We propose to investigate the efficacy of Qutenza in treating patients with end stage renal
failure and painful ischaemia. We will recruit 20 patients with painful ischaemia and treat
them with Qutenza. We will follow them up for 12 weeks and monitor the change in their pain
scores.
Peripheral vascular disease is common in end-stage renal failure (ESRF) affecting 24-77% of
patients (Stack, 2005).

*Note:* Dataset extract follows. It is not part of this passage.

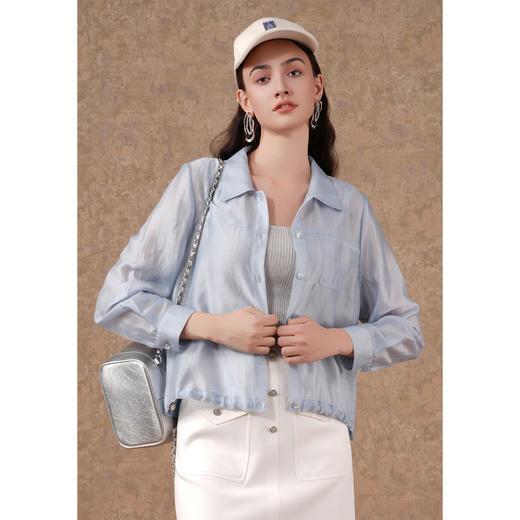 乔万尼新品薄衬衫外套减龄休闲ED1C913 商品图1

Critical ischaemia (pain at rest caused by insufficient blood supply
to a limb) is notoriously difficult to treat in this patient group. Advanced disease and
extensive co-morbidities limit surgical revascularisation options of proximal vessels
(Blankensteijn et al., 1996) and calciphylaxis (a process of calcification within the small
vessels unique to patients with end-stage renal failure) has few effective treatments (Ng &
Peng, 2011). Often the only treatment option is symptomatic relief with strong analgesics.
Effective pain relief in patients with end-stage renal failure can be difficult to achieve.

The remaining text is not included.